Hakimin duruşmada yaptığı tavsiyenin aksine Yargıtay kararı ekliyorum. Ancak davanın birlikte açılması halinde CMK hükümlerine göre yargılama yapılması gerekiyormuş.
Alıntı:
T.C.
YARGITAY
16. HUKUK DAİRESİ
E. 2010/2718
K. 2010/4047
T. 1.6.2010
• GERÇEĞE AYKIRI BEYANDA BULUNMAK ( Haciz İhbarnamesine Verilen Cevabın Gerçeğe Aykırı Olması Nedeniyle Üçüncü Kişinin Cezalandırılması ve Tazminat - Ceza Yargılamasıyla Hukuk Yargılamasının Ayrı Usullere Tabi Olduğu Her Bir Talebin Tabi Olduğu Usullerle Görülmesi Gereği )
• HACİZ İHBARNAMESİNE GERÇEĞE AYKIRI BEYANDA BULUNMA NEDENİYLE CEZA VE TAZMİNAT ( Cezanın Kişiselliği Prensibi Gereği Ayrı Bir Yargılama Usulüne Tabi Olduğu - Tazminat İsteminin Genel Hükümlere Göre Çözümlenmesi Gereği )
2004/m. 89/4, 338/1
ÖZET : Haciz ihbarnamesine verilen cevabın gerçeğe aykırı olduğu iddiası sebebiyle üçüncü kişinin cezalandırılması istemi cezanın kişiselliği prensibi de dikkate alınmak suretiyle ayrı bir yargılama usulüne tabi olup, tazminat istemi yönünden davanın genel hükümlere göre çözümlenmesi gerektiği gözetilmeden cezalandırma ve tazminat istemi hakkında karar verilmemesi yasaya aykırıdır.

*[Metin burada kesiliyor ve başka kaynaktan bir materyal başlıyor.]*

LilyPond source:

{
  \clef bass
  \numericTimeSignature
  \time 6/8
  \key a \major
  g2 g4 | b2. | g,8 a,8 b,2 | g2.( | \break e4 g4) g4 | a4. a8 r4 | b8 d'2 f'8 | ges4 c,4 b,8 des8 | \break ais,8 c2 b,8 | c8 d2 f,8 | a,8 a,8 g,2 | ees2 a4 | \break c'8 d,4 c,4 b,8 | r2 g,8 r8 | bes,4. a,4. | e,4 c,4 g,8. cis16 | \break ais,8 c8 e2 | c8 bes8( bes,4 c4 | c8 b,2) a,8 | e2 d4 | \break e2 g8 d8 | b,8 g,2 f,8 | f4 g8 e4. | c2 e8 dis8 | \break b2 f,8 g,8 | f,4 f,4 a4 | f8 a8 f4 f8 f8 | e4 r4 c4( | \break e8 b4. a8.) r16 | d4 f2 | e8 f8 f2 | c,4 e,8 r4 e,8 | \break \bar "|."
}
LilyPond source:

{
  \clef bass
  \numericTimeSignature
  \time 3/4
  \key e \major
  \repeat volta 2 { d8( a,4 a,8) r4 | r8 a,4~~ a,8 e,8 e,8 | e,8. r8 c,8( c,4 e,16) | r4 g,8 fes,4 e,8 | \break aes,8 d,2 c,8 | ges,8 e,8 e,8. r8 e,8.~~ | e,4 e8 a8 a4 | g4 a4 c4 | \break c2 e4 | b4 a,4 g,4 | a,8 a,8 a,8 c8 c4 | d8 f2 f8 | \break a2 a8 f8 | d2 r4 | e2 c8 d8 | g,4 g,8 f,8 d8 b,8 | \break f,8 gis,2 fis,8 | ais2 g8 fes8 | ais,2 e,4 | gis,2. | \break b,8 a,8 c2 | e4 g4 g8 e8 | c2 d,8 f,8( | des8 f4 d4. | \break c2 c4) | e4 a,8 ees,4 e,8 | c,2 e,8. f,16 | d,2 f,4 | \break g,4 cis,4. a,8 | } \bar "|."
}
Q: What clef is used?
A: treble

DAVA : Gerçeğe aykırı beyanda bulunmak suçundan cezalandırılmaları ve İ.İ.K.nun 89/4. maddesi uyarınca tazminata mahkum edilmeleri istemiyle sanıklar K. K., C. C., O. Y., M. K., Y. A., İ. Ö., M. K. ve Ç. U. haklarında açılan davanın yargılaması sonunda; sanıklardan C. C. ve O. Y. hakkında açılan davanın reddine, diğer sanıklar hakkında açılan davanın açılmamış sayılmasına karar verilmiş, hüküm yasal süresi içerisinde şikayetçi vekili tarafından temyiz edildiğinden, Yargıtay C. Başsavcılığının bozma istemli tebliğnamesiyle dosya Daireye gönderilmiş olmakla, inceleme raporu ve dosyadaki belgeler okunarak, GEREĞİ GÖRÜŞÜLDÜ:

KARAR : 1-) Müşteki vekili 11.12.2007 havale tarihli dilekçesiyle gerçeğe aykırı beyanda bulunan sanıkların İ.İ.K.nun 338/1. maddesiyle cezalandırılmalarını ve ayrıca İ.İ.K.nun 89/4. maddesi uyarınca tazminata mahkum edilmelerini talep ettiği ve İ.İ.K.nun 89/4. maddesinin "Üçüncü şahıs, haciz ihbarnamesine müddeti içinde itiraz ederse, alacaklı, üçüncü şahsın verdiği cevabın aksini tetkik merciinde ispat ederek üçüncü şahsın 338/1. maddesi hükmüne göre cezalandırılmasını ve ayrıca tazminata mahkum edilmesini isteyebilir. Tetkik mercii, tazminat hakkındaki davayı genel hükümlere göre halleder." biçiminde düzenlendiği dikkate alındığında, haciz ihbarnamesine verilen cevabın gerçeğe aykırı olduğu iddiası sebebiyle üçüncü kişinin cezalandırılması istemi cezanın kişiselliği prensibi de dikkate alınmak suretiyle ayrı bir yargılama usulüne tabi olup, tazminat istemi yönünden davanın genel hükümlere göre çözümlenmesi gerektiği gözetilmeden cezalandırma ve tazminat istemi hakkında karar verilmemesi,

2-) İ.İ.K.nun 89/4 ve 338. maddeleri uyarınca hem tazminat hem de cezalandırılma istemiyle açılan davalara ceza mahkemesi sıfatıyla bakılmasının mümkün olduğu gözardı edilerek hukuk mahkemesi sıfatıyla yargılamaya devamla yazılı şekilde karar verilmesi.
SONUÇ : İsabetsiz olduğundan temyiz itirazları bu itibarla yerinde görülmekle hükümün istem gibi BOZULMASINA, 1.6.2010 gününde oybirliğiyle karar verildi.